The solution conditions produced the same degradation products at 60°C (for 1, 2, 4, and 6 h) and 25°C (7 days), and the latter condition was selected for further studies. Antioxidant activities were evaluated through ABTS and DPPH assays using BHT as a reference or positive control. The concentrations that inhibited 50% of the activity in each test (IC50 values) are shown in Table 2. The maximum activity was recorded with V (IC50 ranging from 1.6 ± 0.3 μM from the ABTS assay to 3.6 ± 0.2 μM from the DPPH assay), and the minimum activity was obtained with 1-β acevaltrate, a BAV degradation product (IC50 ranging from 63.4 ± 1.2 μM from the ABTS assay to 89.4 ± 2.3 μM from the DPPH assay). The activities could be ordered as follows: V > AV > BAV > valtrate degradation products (VD) > AVD > BAVD.

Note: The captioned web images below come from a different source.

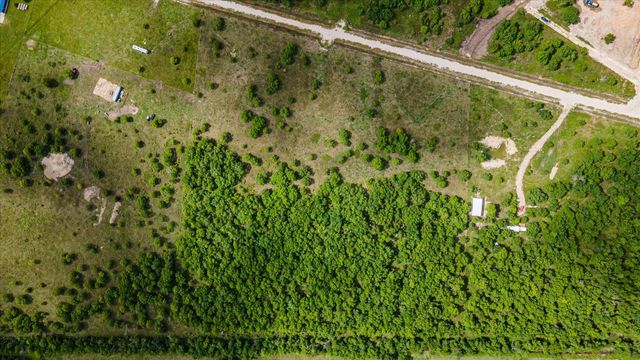 348 Private Road 77003, Liberty, TX 77575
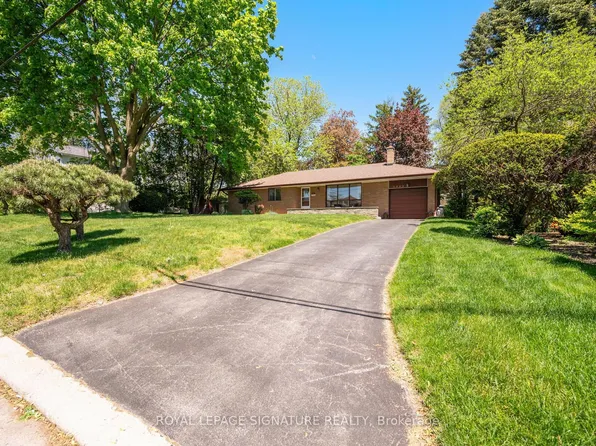 2585 Jarvis St, Mississauga, ON L5C 2P9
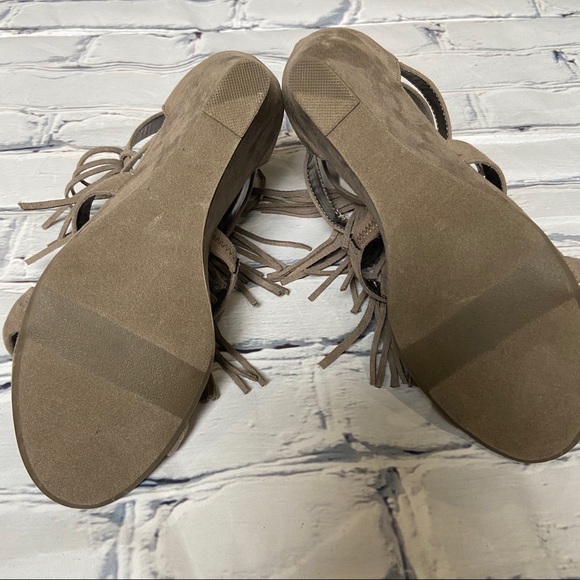 Material Girl Demi-Wedge Fringe Sandals - Picture 5 of 7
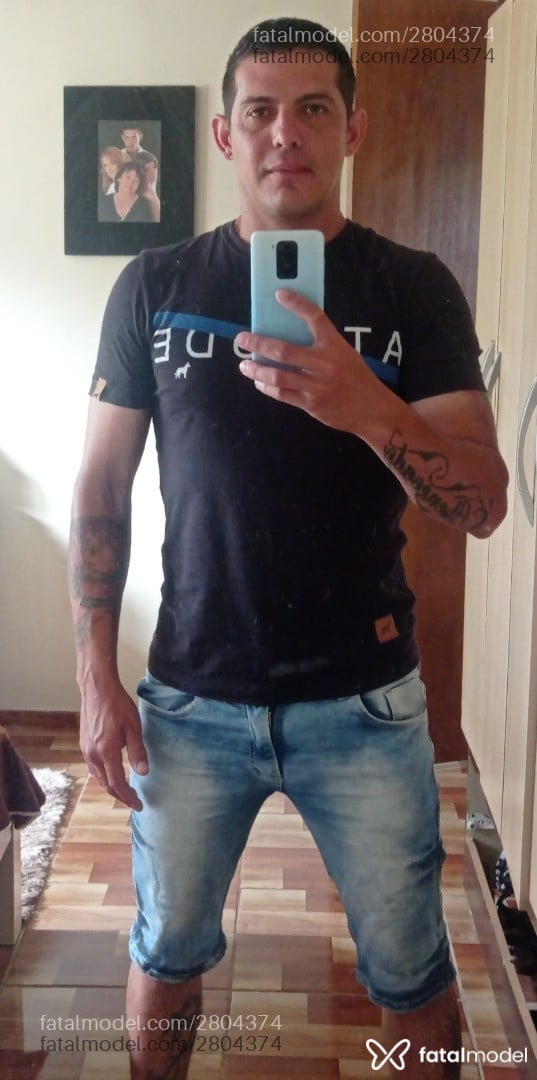 Acompanhante homem com cabelo castanho de olhos castanhos em Florianópolis - Sandro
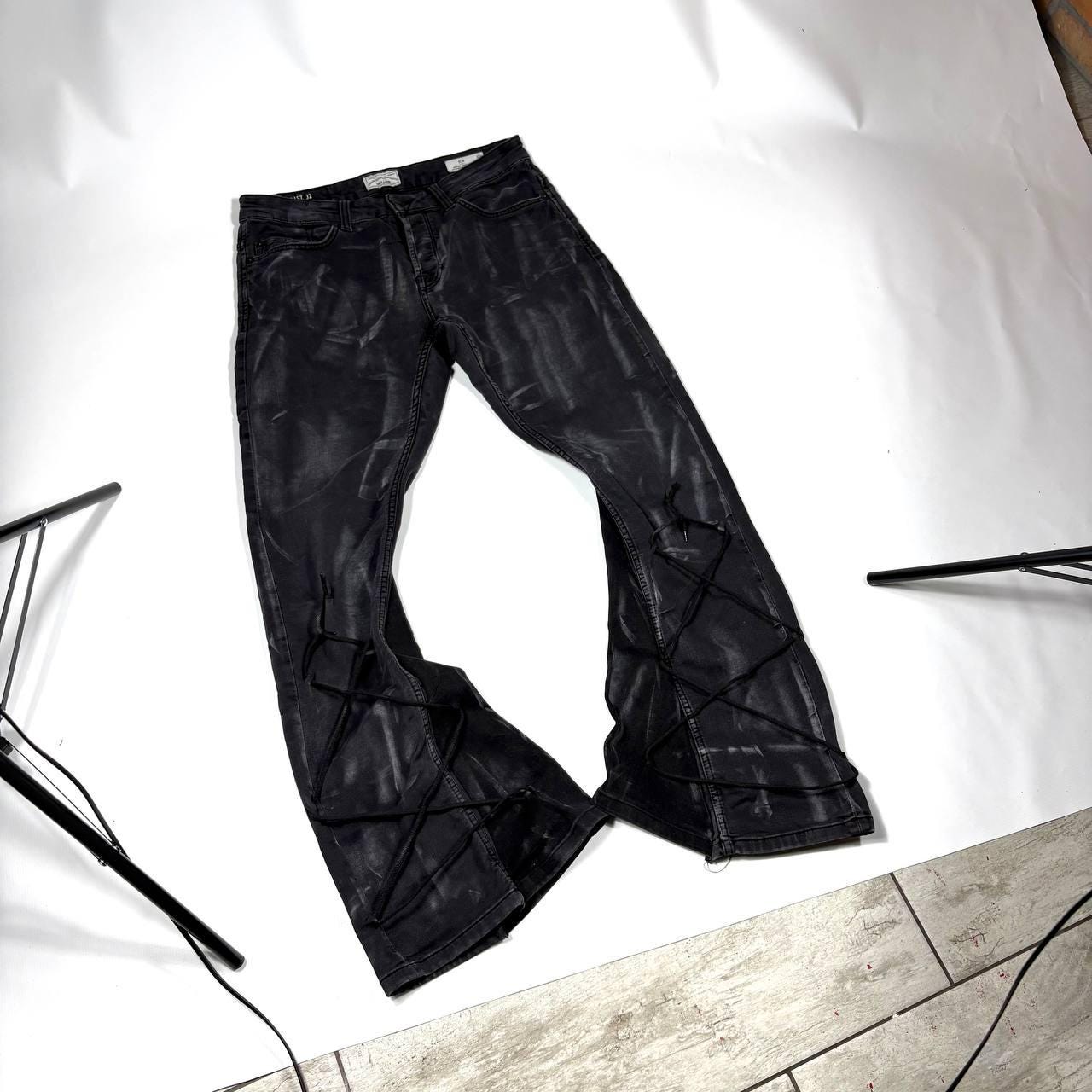 Ręcznie robione czarne dzwony: przetworzony gotycki punk alternatywny streetwear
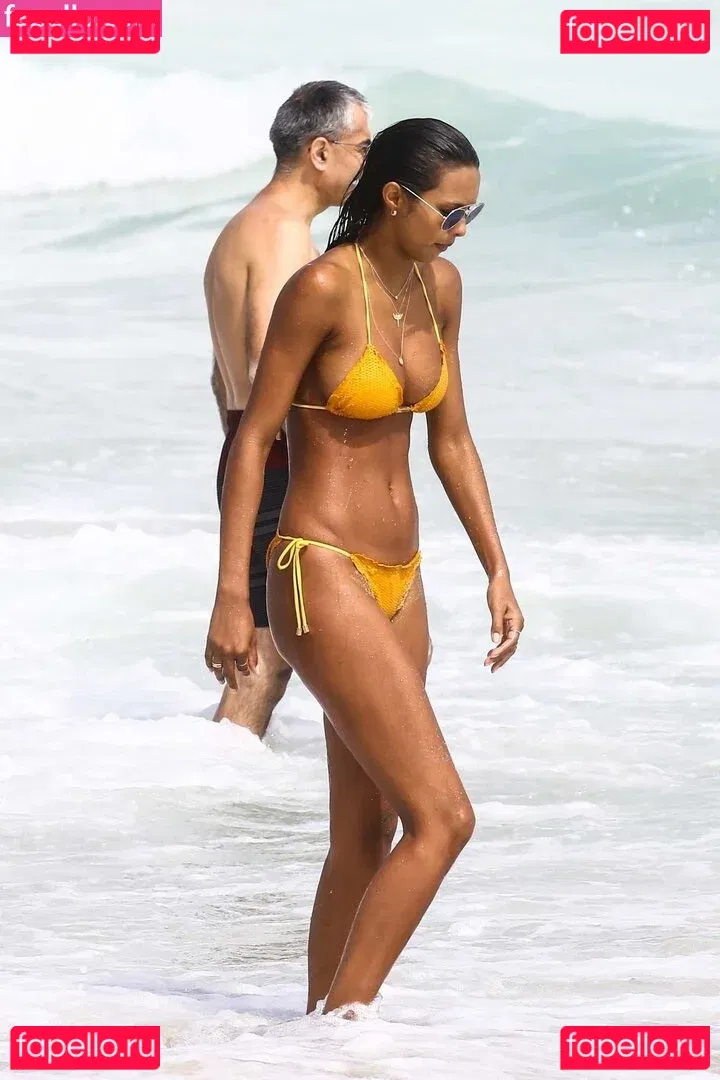 Lais Ribeiro Onlyfans Photo Gallery 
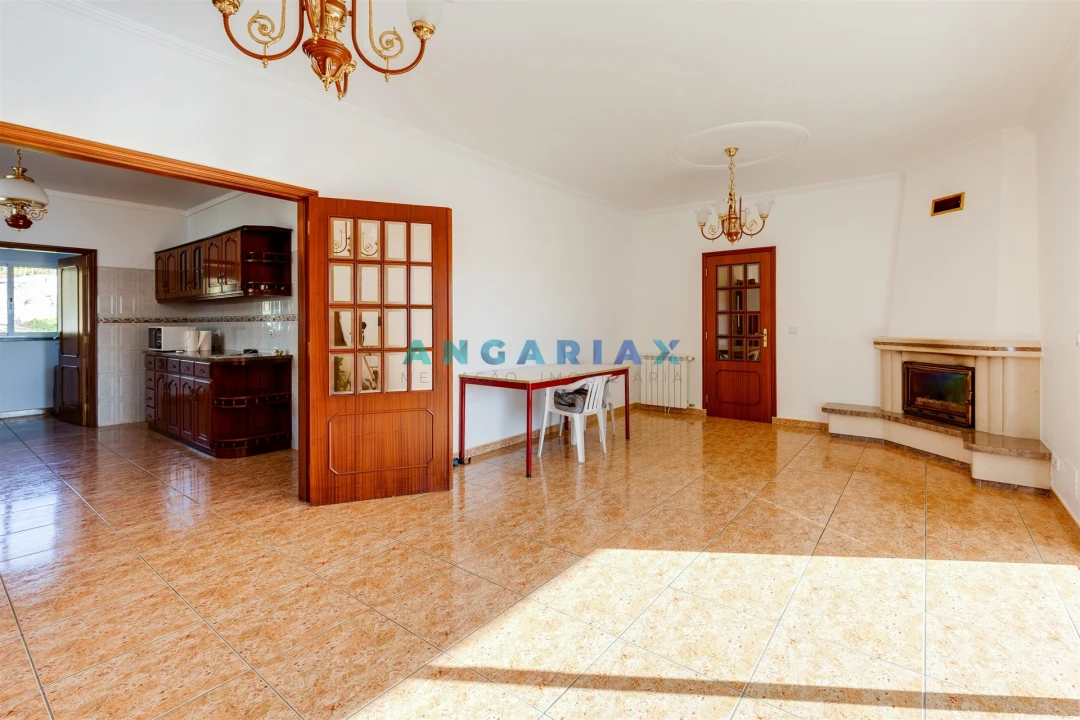 Moradia T3 para Venda em Golpilheira Foto 10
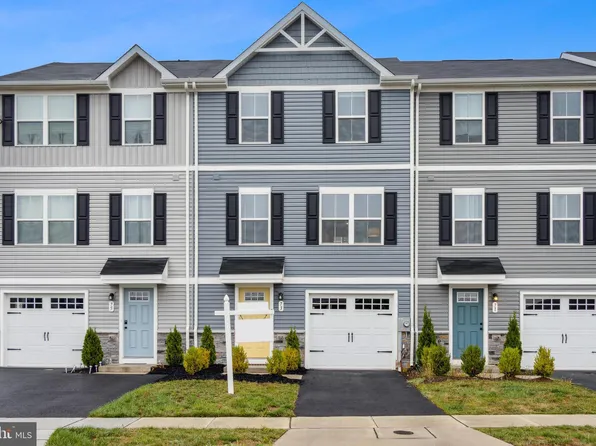 73 Bristoe Station Rd, Taneytown, MD 21787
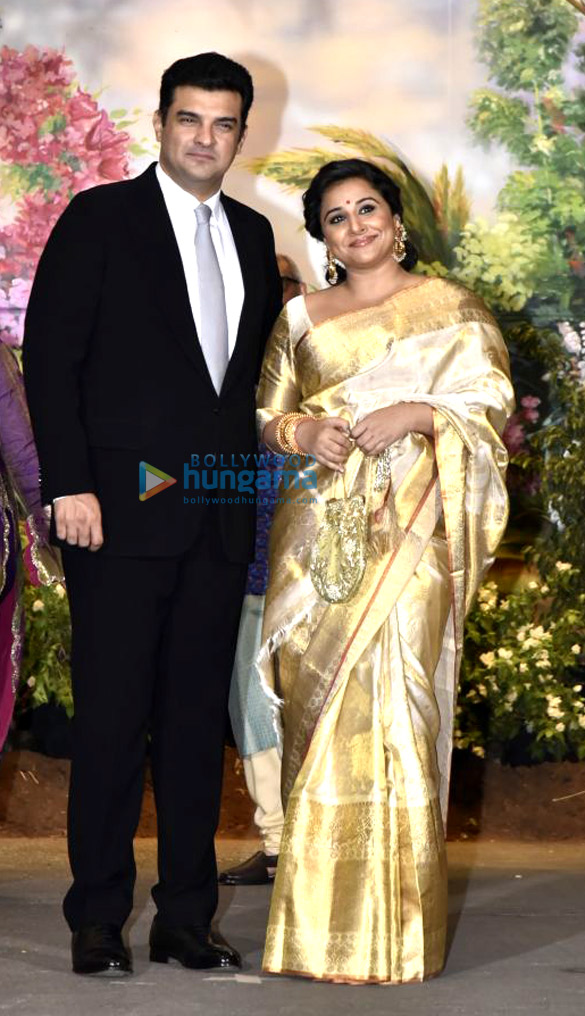 celebs grace sonam kapoor and anand ahujas wedding reception 2 3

Table 2. Antioxidant effect of the iridoid valepotriates assessed through ABTS and DPPT assays.

Compounds IC50 (μM, n = 3)
ABTS DPPH
V 1.6 ± 0.3 3.6 ± 0.2
AV 2.5 ± 0.2 5.4 ± 0.1
BAV 14.9 ± 0.4 38.4 ± 0.8
VD 20.5 ± 2.1 35.5 ± 2.7
AVD 29.5 ± 1.5 56.2 ± 1.2
BAVD 63.4 ± 1.2 89.4 ± 2.3
BHT 28.6 ± 0.8 110.4 ± 1.1

Cytotoxic tests

Effect on cancer cell proliferation

The anti-proliferative effects of V, AV, BAV and their degradation products were investigated on three human cancer cells through an MTT assay (Table 3). The data showed that BAVD exerted relatively weak anti-proliferative effects on the three cancer cell lines. V displayed better anti-proliferative activities, with IC50 values ranging from 25.4 ± 0.6 μM (HepG2 cells) to 37.1 ± 1.1 μM (HeLa cells). All of the samples demonstrated relatively high anti-proliferative activities in HepG2 cells.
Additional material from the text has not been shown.